Violences sexuelles et conjugales : quel traitement judiciaire ?
Cette note de l’Institut des Politiques Publiques (IPP) cherche à apporter de nouveaux éclairages sur le traitement judiciaire des violences faites aux femmes et son évolution au cours du temps. Si on observe une plus grande sévérité de la réponse pénale pour les violences conjugales, ce n’est pas le cas pour les violences sexuelles, dont le taux de classement sans suite ne cesse d’augmenter.
Malgré la prise de conscience collective suscitée par la vague #MeToo en octobre 2017, les violences faites aux femmes demeurent fréquentes. Dans un contexte de libération de la parole et de mobilisation accrue des pouvoirs publics, les affaires de violences sexuelles et conjugales portées à la connaissance de la justice n’ont jamais été aussi nombreuses. La réponse apportée par le système judiciaire à l’encontre de ces violences fait cependant l’objet de nombreuses critiques. Cette note cherche à apporter de nouveaux éclairages sur le traitement judiciaire des violences faites aux
femmes et son évolution au cours du temps. Elle s’appuie sur des données administratives inédites, récemment accessibles à la recherche, qui couvrent la vaste majorité des affaires pénales traitées par les parquets des tribunaux en France et terminées entre 2012 et 2021.
Les données montrent que le faible taux de poursuite n’est pas spécifique aux affaires de violences sexuelles et conjugales. Toutefois, ces affaires sont majoritairement classées au motif d’un manque de preuves, alors même que
l’auteur est souvent connu et identifié. Dans un contexte d’augmentation du nombre d’affaires enregistrées par la justice depuis 2017, des disparités importantes émergent concernant le traitement judiciaire des violences sexuelles et conjugales.
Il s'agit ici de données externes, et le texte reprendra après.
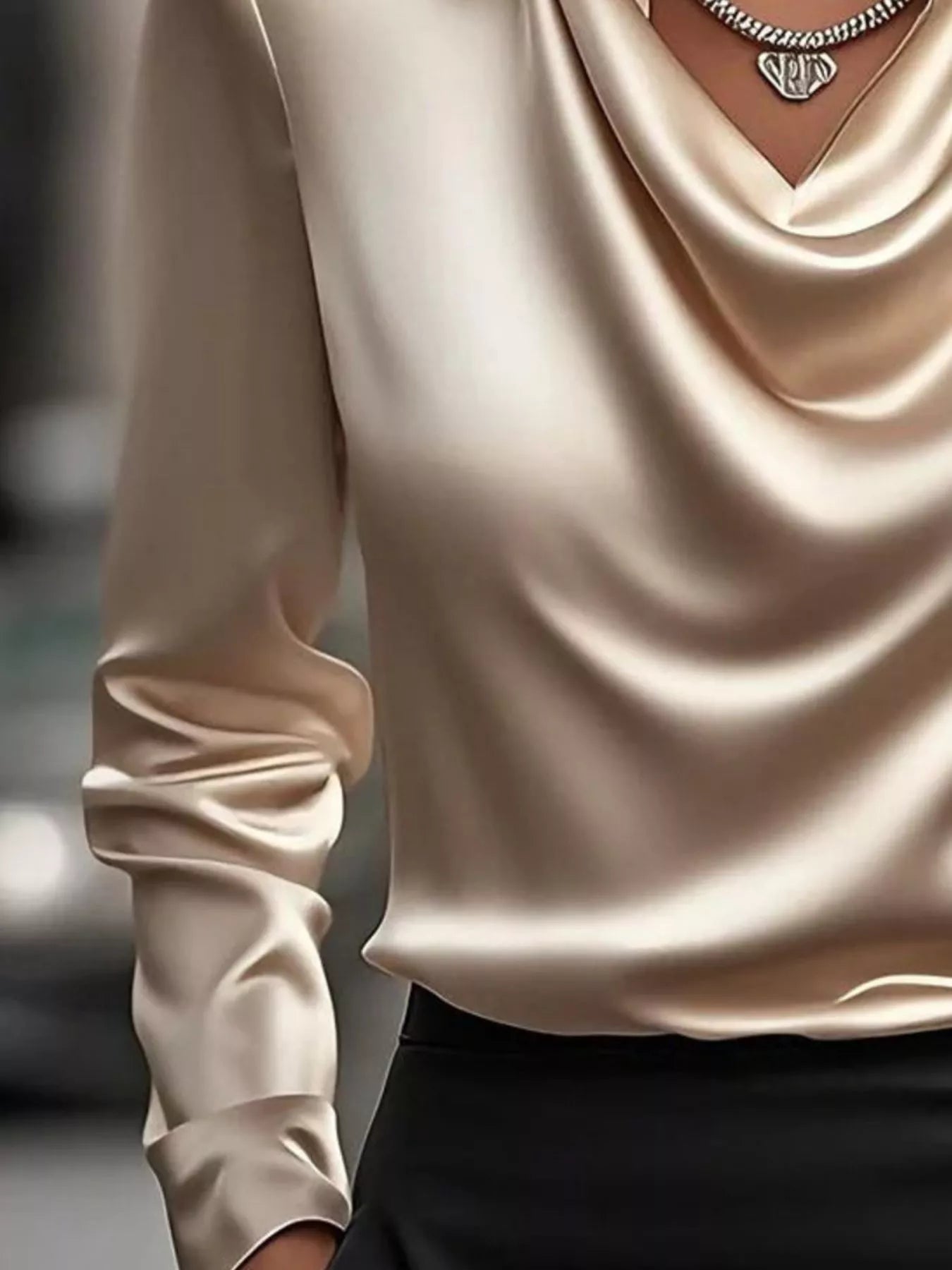 Full Size Satin Cowl Neck Long Sleeve Blouse Plus Size - Maria de Fatima Andrade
Tandis que l’on observe une plus grande sévérité de la réponse pénale pour les violences conjugales, ce n’est pas le cas pour les violences sexuelles, dont le taux de classement sans suite ne cesse d’augmenter.
Résultats clés
- Comme pour la plupart des infractions pénales, le taux de classement sans suite des plaintes est élevé et concerne 86% des violences sexuelles et 72% des violences conjugales. Pour les autres infractions d’atteintes à la personne, ce chiffre est de 85 %.
- Alors que les infractions pénales sont majoritairement classées sans suite car l’auteur est inconnu, les violences sexuelles et conjugales sont principalement considérées comme insuffisamment caractérisées par le parquet et classées faute de preuves.
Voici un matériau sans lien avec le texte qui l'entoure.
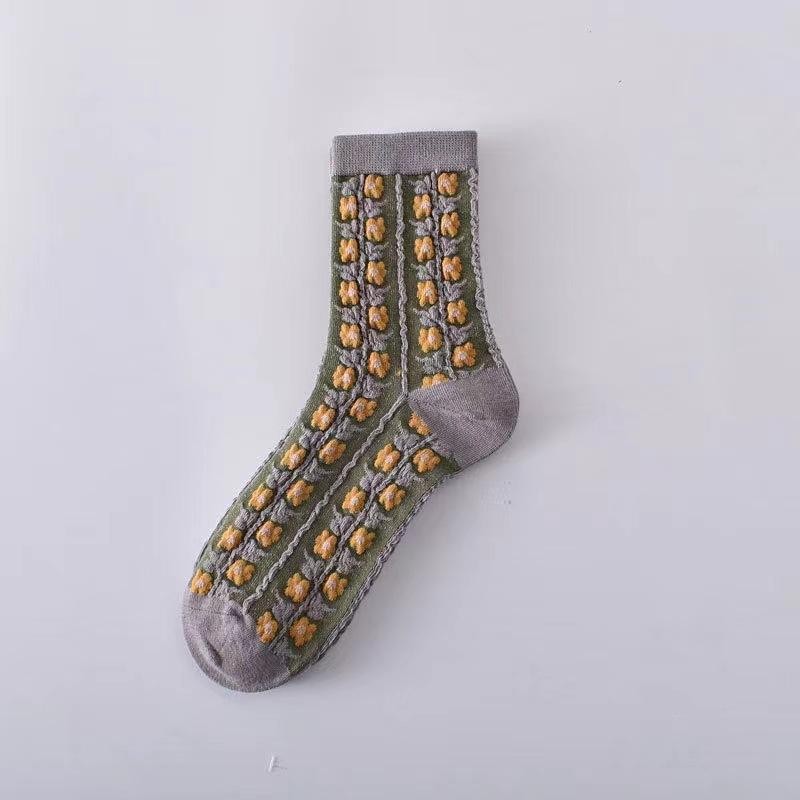 

Женские носки до середины икры в придворном ретро этническом стиле, женские осенне-зимние объемные рельефные художественные носки с цветочным узором кофейного цвета 1 pair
- Les auteurs qui sont poursuivis sont toutefois souvent condamnés, avec des peines plus lourdes pour les violences sexuelles que pour les autres atteintes à la personne.
- Le nombre d’affaires de violences sexuelles et conjugales traitées par la justice a connu une forte hausse depuis 2017.
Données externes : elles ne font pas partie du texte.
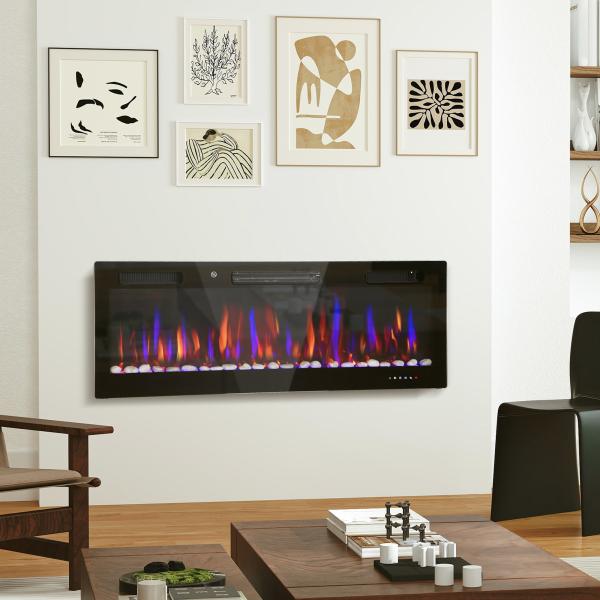 Lareira Elétrica Ultrafina de Parede e Embutir com Chama 3D Brilho/Velocidade Ajustável 12 Cores Pedras 900/1800W 127x9,4x47 cm Preto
- Alors que la part d’affaires de violences conjugales classées sans suite est passée de 73% en 2012 à 67% en 2020, une tendance inverse s’observe pour les violences sexuelles. Dans le même temps, la part de viols classés est passée de 82% à 94 %.
- La hausse des poursuites des auteurs de violences conjugales s’est accompagnée d’une plus grande sévérité des peines prononcées.
Le traitement judiciaire des violences sexuelles et conjugales en France, Maëlle Stricot, Notes IPP n°107, avril 2024.